Records for the task Block Start

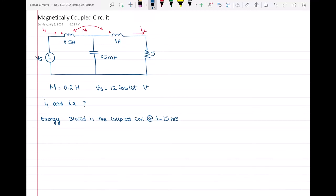Hello everyone. In this video I'm going to solve a magnetically coupled circuit as shown in the picture.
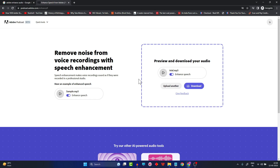It depends on the setup where you recorded. If you recorded in a noise-free setup, Adobe Podcast is not that helpful. But if you recorded in a noisy environment — like a conference room with an open window where echo gets added easily — Adobe Podcast comes in really handy. If you've already recorded in a noise-free environment, it won't add much value. That's what I wanted to show: how AI can try to improve the quality of your audio.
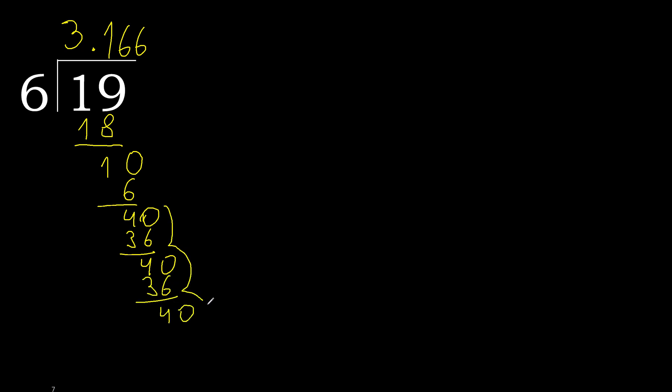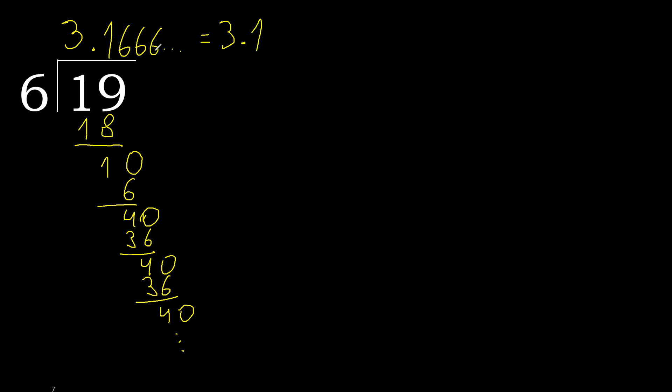Repeat, therefore 6 repeat, finish it. 19 divided by 6 is, or after the point, 6 repeat.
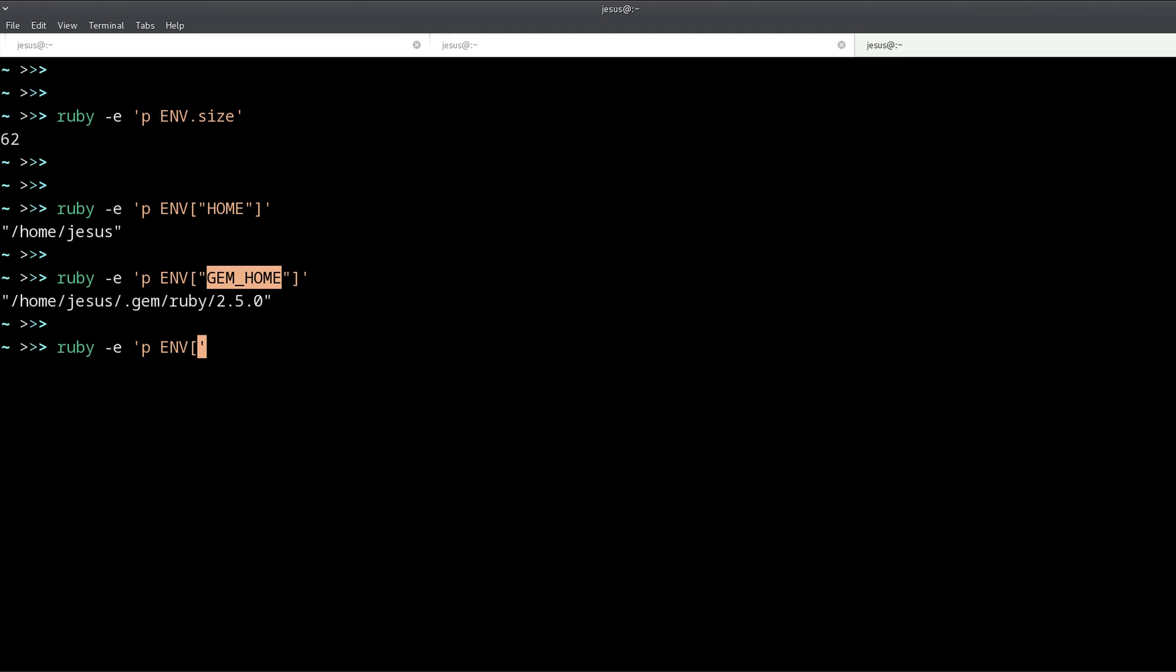Okay, so now we have seen what environment variables are, but why are they useful? Why do we use them? Well, let's say that we have some kind of API key, right? Something like this, API_KEY for whatever. But the thing is that you don't want to have this API key inside your source code.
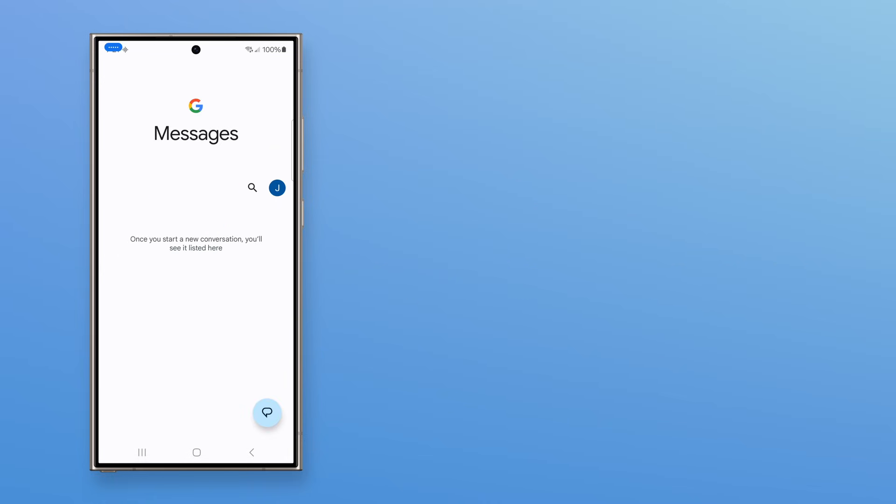When you need to take action fast, rely on Voice Access on Samsung Galaxy.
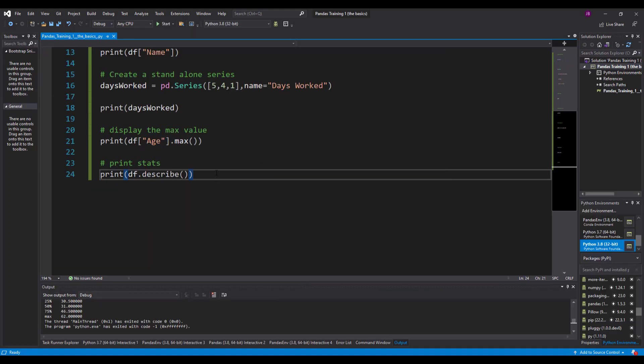And that's it for our first video on pandas, just a little ease in and a little intro into the pandas package. Join me in the next video where we get a little bit more advanced.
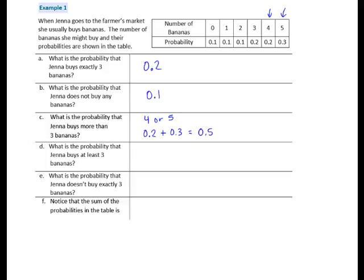Question D: What is the probability that Jenna buys at least 3 bananas? At least 3 means that she has either bought 3 or 4 or 5. The probability for 3 is 2 tenths, plus the probability of 4 bananas is 2 tenths, plus the probability of 5 bananas is 3 tenths. We add 2 tenths plus 2 tenths plus 3 tenths and we get 7 tenths, 0.7.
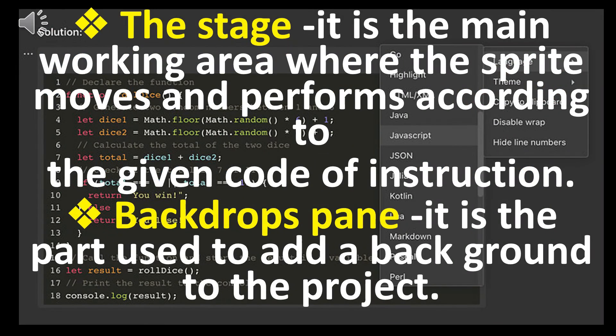The stage. It is the main working area where the sprite moves and performs according to the given code of instruction.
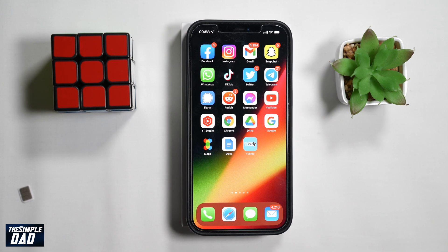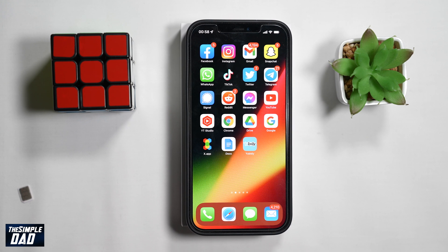Welcome back everyone. In this video, I'll show you how to loop a YouTube video on your iPhone or iPad. YouTube has recently been updated and now they've added the new loop feature.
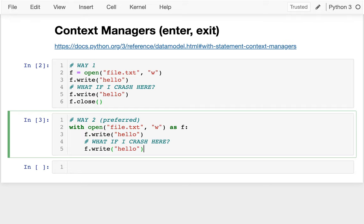In this video I'm going to be talking about context managers. Depending on what special methods a class implements, that class may or may not be a context manager. It turns out that there's one kind of object you've used a lot that is a context manager — that is a file object — and what that allows us to do is use file objects in a special way with a 'with' and 'as' clause. You can use any context manager this way.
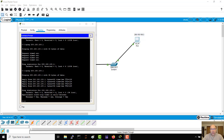Let's do one more thing before we stop for today, and that's taking a look at the simulation. I'm going to start this ping again, but I'm going to let it go continuously.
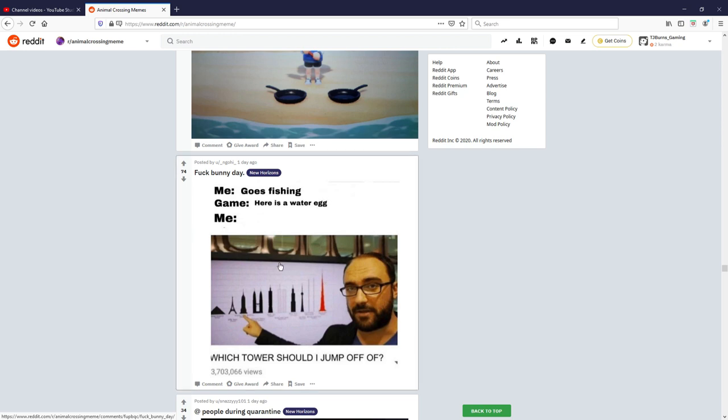Oh you know what I'll make this the last one. Me: fuck money day, goes fishing. Here is a water egg. Me: which tower should I jump off? Relatable, I'm gonna give that one a seven out of ten.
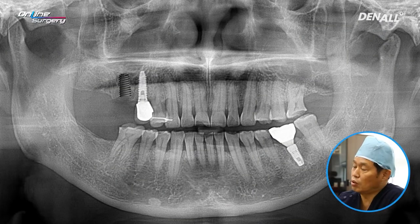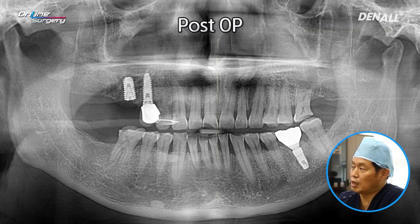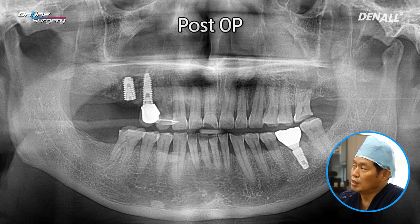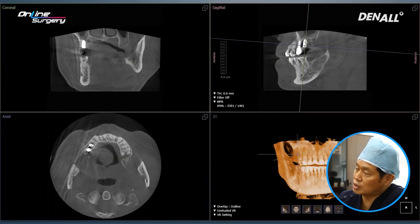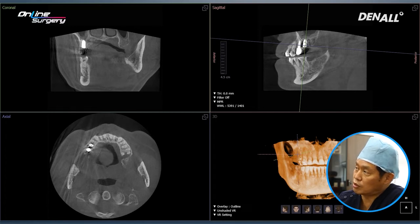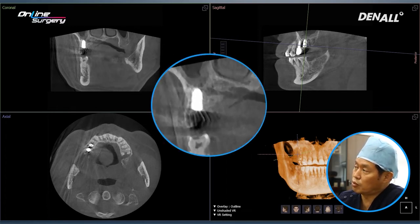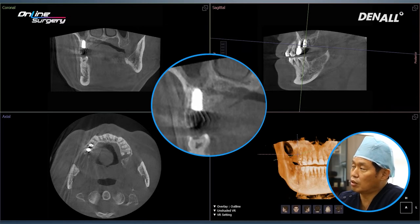The implant is going to be placed like this. On the palatal side, bone graft is going to be done. This is the post-op panoramic image. As was planned pre-op, the implant has been placed to the planned position. If you look at the CT on the palatal side, bone graft has been done. I think the patient moved a little bit while taking the CT. On the palatal side, bovine bone graft was done, collagen membrane was covered, and primary closure was done. Surgery was completed in this way.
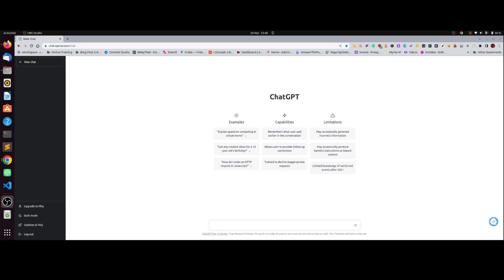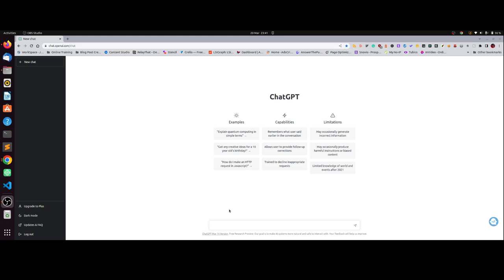So in theory you can ask it things like how do I make an HTTP request in JavaScript or explain quantum computing, and it will give you outputs. A lot of people are using it to write bits of code and things like that, which makes my job title a bit redundant.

Records for the task Block End

### [Try it]
Extract the part of the records that opens with the line containing "And that's it" and closes with the line containing "Oh you know". Take only those lines, exactly, and no pictures.

### [Result below]
And that's it for our first video on pandas, just a little ease in and a little intro into the pandas package. Join me in the next video where we get a little bit more advanced.
Question D: What is the probability that Jenna buys at least 3 bananas? At least 3 means that she has either bought 3 or 4 or 5. The probability for 3 is 2 tenths, plus the probability of 4 bananas is 2 tenths, plus the probability of 5 bananas is 3 tenths. We add 2 tenths plus 2 tenths plus 3 tenths and we get 7 tenths, 0.7.
The stage. It is the main working area where the sprite moves and performs according to the given code of instruction.
Welcome back everyone. In this video, I'll show you how to loop a YouTube video on your iPhone or iPad. YouTube has recently been updated and now they've added the new loop feature.
In this video I'm going to be talking about context managers. Depending on what special methods a class implements, that class may or may not be a context manager. It turns out that there's one kind of object you've used a lot that is a context manager — that is a file object — and what that allows us to do is use file objects in a special way with a 'with' and 'as' clause. You can use any context manager this way.
Let's do one more thing before we stop for today, and that's taking a look at the simulation. I'm going to start this ping again, but I'm going to let it go continuously.
Oh you know what I'll make this the last one. Me: fuck money day, goes fishing. Here is a water egg. Me: which tower should I jump off? Relatable, I'm gonna give that one a seven out of ten.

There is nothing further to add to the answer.